-- Extracted records follows --
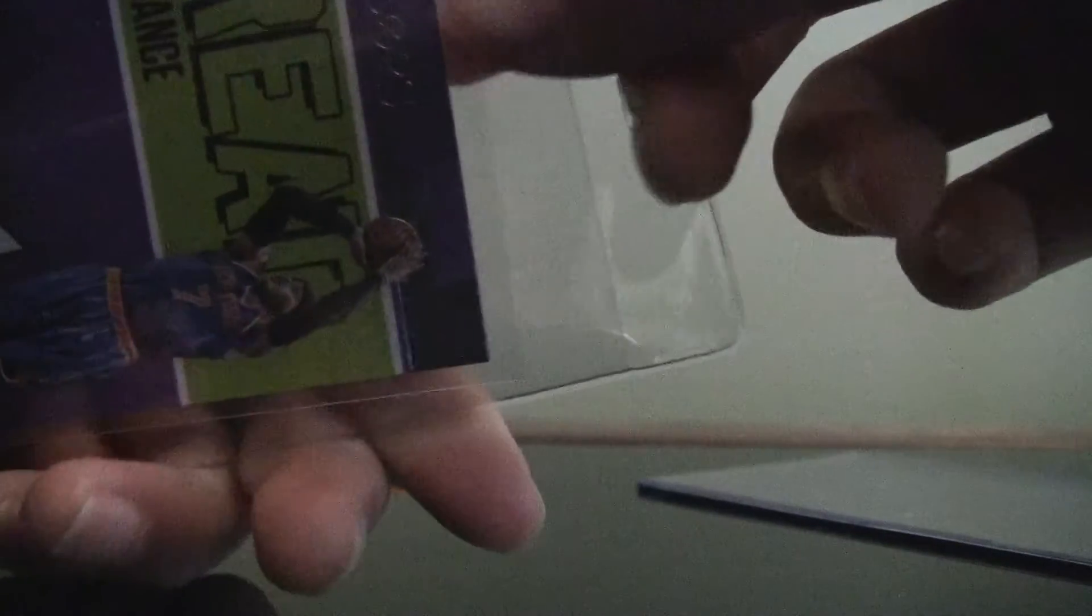And I'm going to take it out of this card saver and put it in a different top loader. Quick one package mail day adds to my Melo PC.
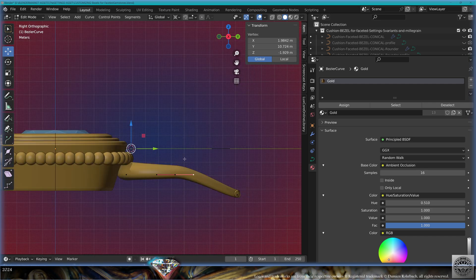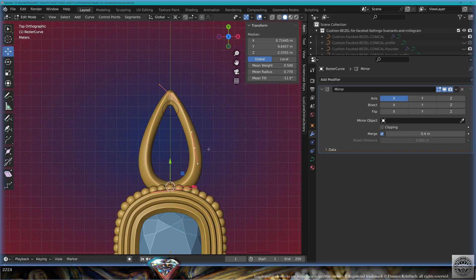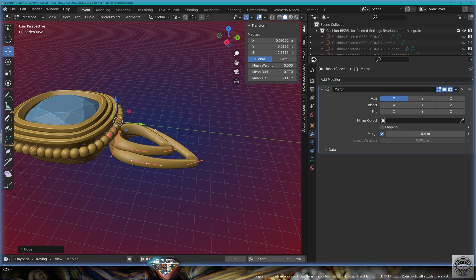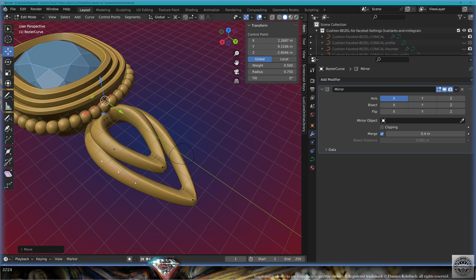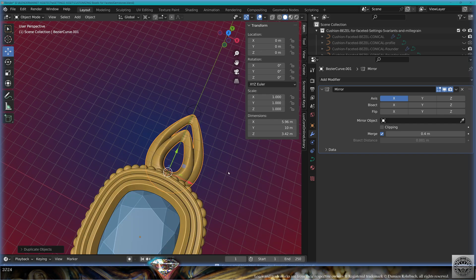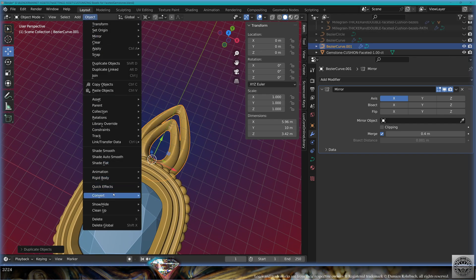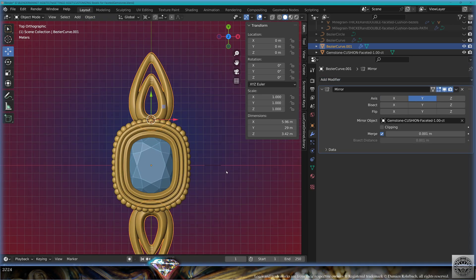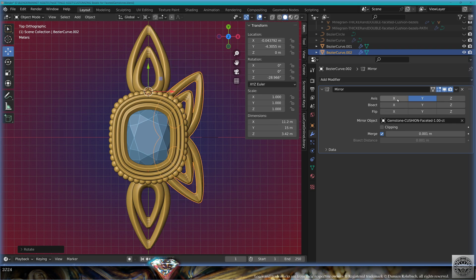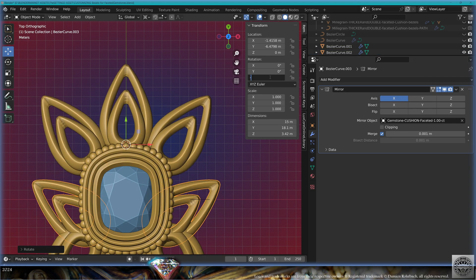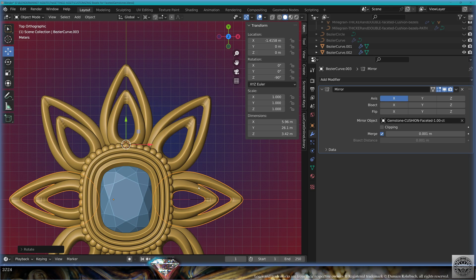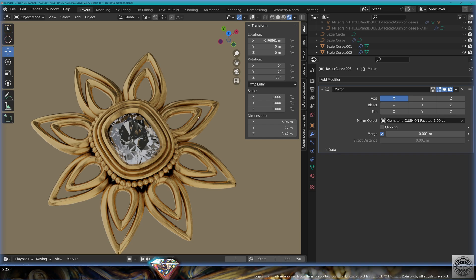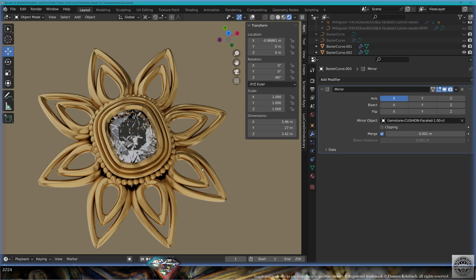Tweak the scale and position, select everything, make a copy, center the 3D cursor, scale, adapt the position, tweak the details, exit edit mode. Make a Shift+D to copy, hide the original, convert to mesh, make a mirror based on the central gemstone, check the axis. Make a Shift+D, rotate, check position, Shift+D, minus 90 degrees, zero on Y, readapt the position. Render preview — this is how you create a very nice pendant using the Almighty Settings Asset.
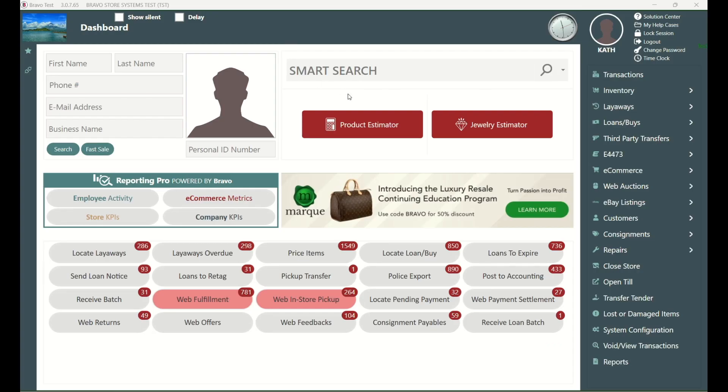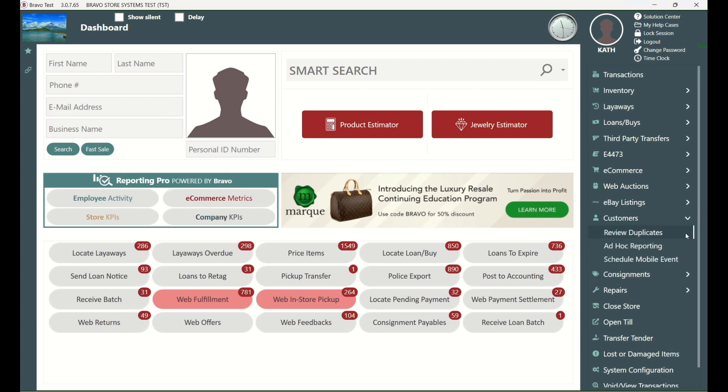Start from Bravo's dashboard, head to the right, and click the drop-down arrow next to Customers. Then select Schedule Mobile Events.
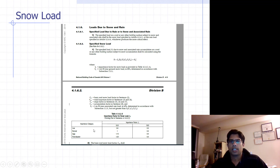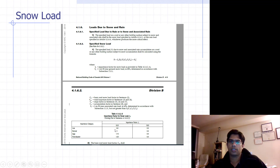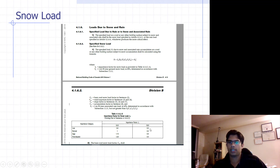The importance factors for snow load are given in table 4.1.6.2a. For low importance buildings the factor is 0.8, for normal it is 1.0, for high it is 1.15, and for post-disaster the importance factor is 1.25. For serviceability, all importance factors are 0.9.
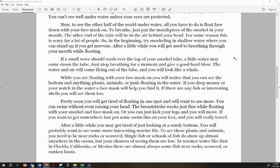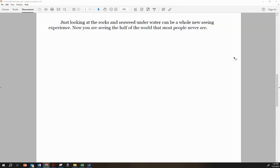Single fish or schools of fish do show up almost anywhere in the ocean, but your chances of seeing them are low. In warmer water like that in Florida, California, or Mexico, there are almost always some fish near rocks, seaweed, or sunken boats.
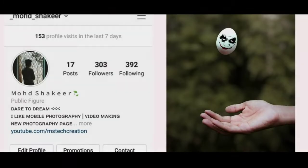Hello friends! Welcome to our YouTube channel. In this video, we are going to show you a photo editing tutorial. First,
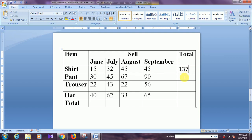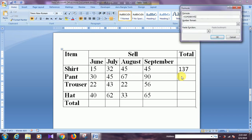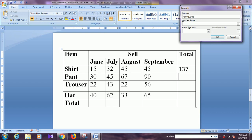Similarly, we can get the summation of these four elements here. Before that we need to get the formula again. Now you can see there is an 'above' function, which means this calculation will be carried out from above to the bottom. But I need to calculate these four elements which are arranged from left to right, so I need to change the 'above' function to 'left'.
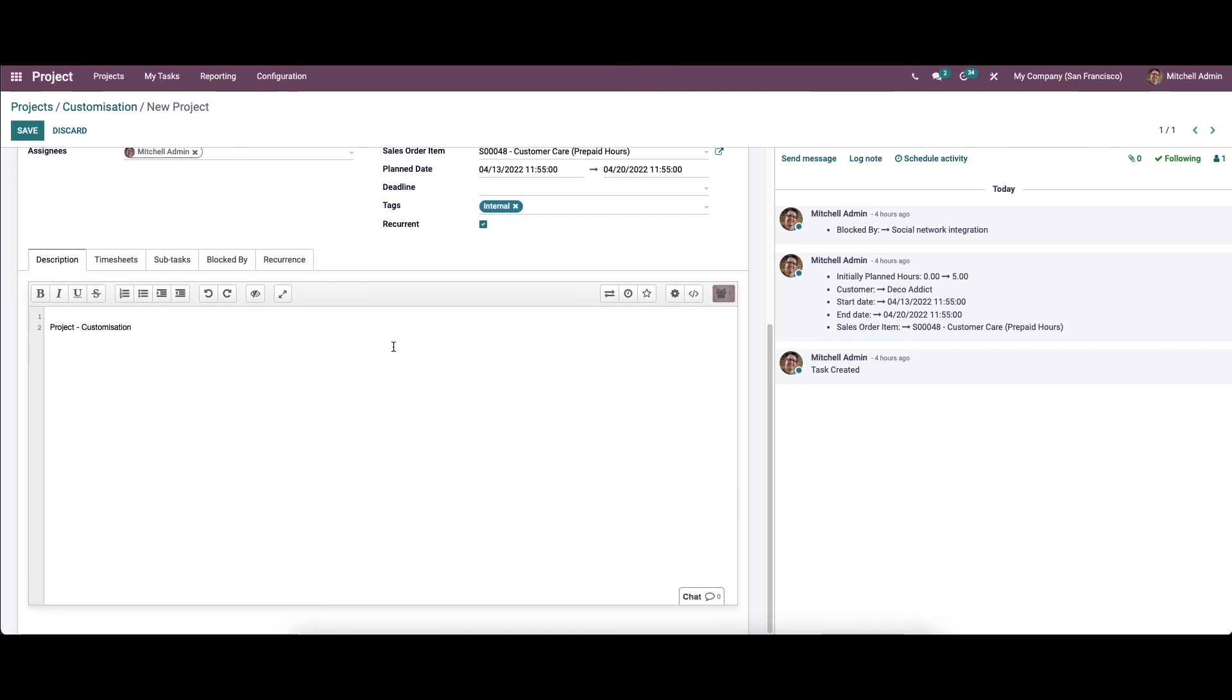Using all these options, we can effectively communicate with co-workers, and the collaborative pad in the Odoo project module will solve the majority of issues that arise from the lack of communication while performing a task. We have been discussing how to configure and use collaborative pad in Odoo 15 project module. That's all about the video. Thank you for watching.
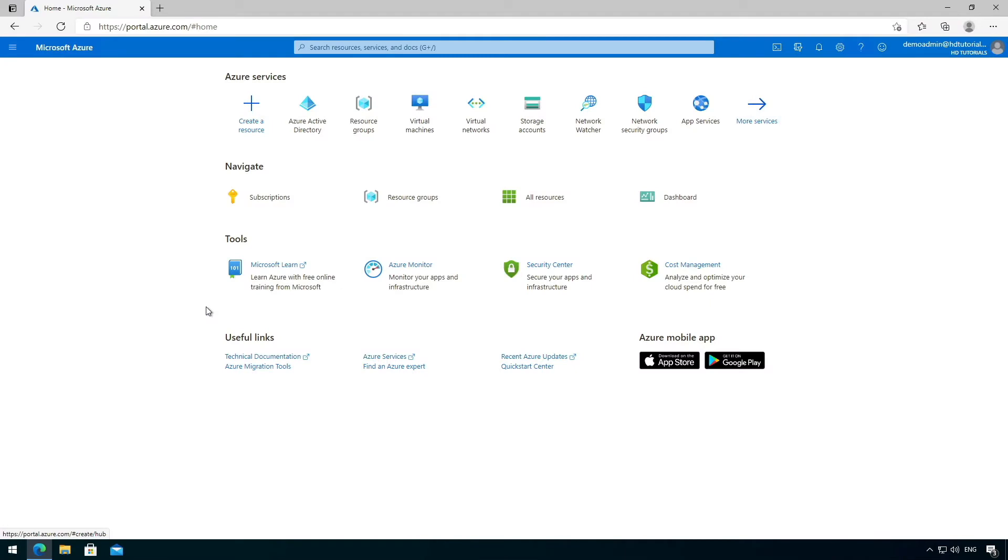Hi guys, in this video I'm going to show you how to connect to the Azure Cloud Shell using the Windows Terminal app.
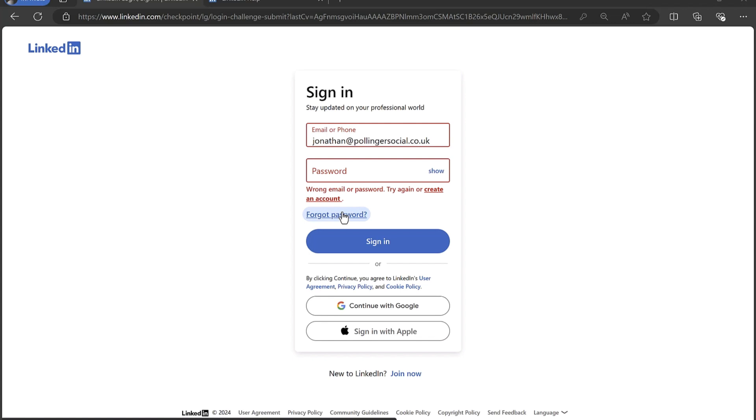So there are a number of ways of recovering your account by contacting LinkedIn, but before we get to that, it is just worth checking to see if you're still logged in on another device, perhaps a smartphone or a tablet.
-- Extracted records concluded --
Instructions to follow.
Could you repeat exactly the lines from the first one of the records above through the line containing "Hi guys, in", leaving out any pictures?

Response below.
And I'm going to take it out of this card saver and put it in a different top loader. Quick one package mail day adds to my Melo PC.
Tweak the scale and position, select everything, make a copy, center the 3D cursor, scale, adapt the position, tweak the details, exit edit mode. Make a Shift+D to copy, hide the original, convert to mesh, make a mirror based on the central gemstone, check the axis. Make a Shift+D, rotate, check position, Shift+D, minus 90 degrees, zero on Y, readapt the position. Render preview — this is how you create a very nice pendant using the Almighty Settings Asset.
Start from Bravo's dashboard, head to the right, and click the drop-down arrow next to Customers. Then select Schedule Mobile Events.
The importance factors for snow load are given in table 4.1.6.2a. For low importance buildings the factor is 0.8, for normal it is 1.0, for high it is 1.15, and for post-disaster the importance factor is 1.25. For serviceability, all importance factors are 0.9.
Single fish or schools of fish do show up almost anywhere in the ocean, but your chances of seeing them are low. In warmer water like that in Florida, California, or Mexico, there are almost always some fish near rocks, seaweed, or sunken boats.
Hello friends! Welcome to our YouTube channel. In this video, we are going to show you a photo editing tutorial. First,
Similarly, we can get the summation of these four elements here. Before that we need to get the formula again. Now you can see there is an 'above' function, which means this calculation will be carried out from above to the bottom. But I need to calculate these four elements which are arranged from left to right, so I need to change the 'above' function to 'left'.
Using all these options, we can effectively communicate with co-workers, and the collaborative pad in the Odoo project module will solve the majority of issues that arise from the lack of communication while performing a task. We have been discussing how to configure and use collaborative pad in Odoo 15 project module. That's all about the video. Thank you for watching.
Hi guys, in this video I'm going to show you how to connect to the Azure Cloud Shell using the Windows Terminal app.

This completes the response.